• Work to be completed:
Only the lines with "Glass" in them need to be copied from the listing.

• Record set:
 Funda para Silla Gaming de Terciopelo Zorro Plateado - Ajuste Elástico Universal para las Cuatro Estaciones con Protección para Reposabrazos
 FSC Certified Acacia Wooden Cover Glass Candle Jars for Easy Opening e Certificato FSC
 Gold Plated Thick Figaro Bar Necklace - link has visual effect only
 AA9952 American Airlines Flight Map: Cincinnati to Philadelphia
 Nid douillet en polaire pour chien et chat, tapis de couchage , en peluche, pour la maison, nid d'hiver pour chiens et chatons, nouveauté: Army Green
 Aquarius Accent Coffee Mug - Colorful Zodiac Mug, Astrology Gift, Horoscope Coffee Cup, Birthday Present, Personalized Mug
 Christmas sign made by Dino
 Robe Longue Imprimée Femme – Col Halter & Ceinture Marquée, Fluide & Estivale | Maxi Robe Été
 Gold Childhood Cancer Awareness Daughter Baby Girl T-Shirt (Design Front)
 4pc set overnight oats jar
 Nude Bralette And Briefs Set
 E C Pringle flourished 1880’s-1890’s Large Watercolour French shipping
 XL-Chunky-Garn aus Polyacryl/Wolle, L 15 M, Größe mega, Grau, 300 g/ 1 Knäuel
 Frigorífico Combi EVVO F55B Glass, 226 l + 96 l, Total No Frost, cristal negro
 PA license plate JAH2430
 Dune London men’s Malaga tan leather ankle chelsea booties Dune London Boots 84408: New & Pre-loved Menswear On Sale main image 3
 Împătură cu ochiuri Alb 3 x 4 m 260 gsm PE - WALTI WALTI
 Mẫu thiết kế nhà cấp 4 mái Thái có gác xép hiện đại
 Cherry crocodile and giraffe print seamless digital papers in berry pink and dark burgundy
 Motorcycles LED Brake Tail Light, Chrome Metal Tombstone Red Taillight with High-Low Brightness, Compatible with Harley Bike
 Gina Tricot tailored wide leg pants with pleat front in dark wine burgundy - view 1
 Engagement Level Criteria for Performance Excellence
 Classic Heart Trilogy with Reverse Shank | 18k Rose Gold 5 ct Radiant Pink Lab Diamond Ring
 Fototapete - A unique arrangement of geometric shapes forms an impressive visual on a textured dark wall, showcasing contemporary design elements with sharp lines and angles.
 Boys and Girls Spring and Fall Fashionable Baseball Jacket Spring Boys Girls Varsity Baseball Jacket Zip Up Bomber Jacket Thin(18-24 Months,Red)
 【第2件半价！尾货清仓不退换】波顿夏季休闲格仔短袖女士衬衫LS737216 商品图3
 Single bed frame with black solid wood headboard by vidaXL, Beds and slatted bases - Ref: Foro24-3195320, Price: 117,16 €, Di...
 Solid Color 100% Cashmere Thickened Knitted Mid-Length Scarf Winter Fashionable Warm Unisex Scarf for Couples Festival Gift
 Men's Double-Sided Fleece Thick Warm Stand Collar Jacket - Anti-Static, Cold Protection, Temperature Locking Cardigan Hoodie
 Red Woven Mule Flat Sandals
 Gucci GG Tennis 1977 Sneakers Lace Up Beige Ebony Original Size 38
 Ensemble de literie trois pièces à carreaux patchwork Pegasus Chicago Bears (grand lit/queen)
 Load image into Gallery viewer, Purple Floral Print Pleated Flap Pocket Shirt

• Response to the task:
 FSC Certified Acacia Wooden Cover Glass Candle Jars for Easy Opening e Certificato FSC
 Frigorífico Combi EVVO F55B Glass, 226 l + 96 l, Total No Frost, cristal negro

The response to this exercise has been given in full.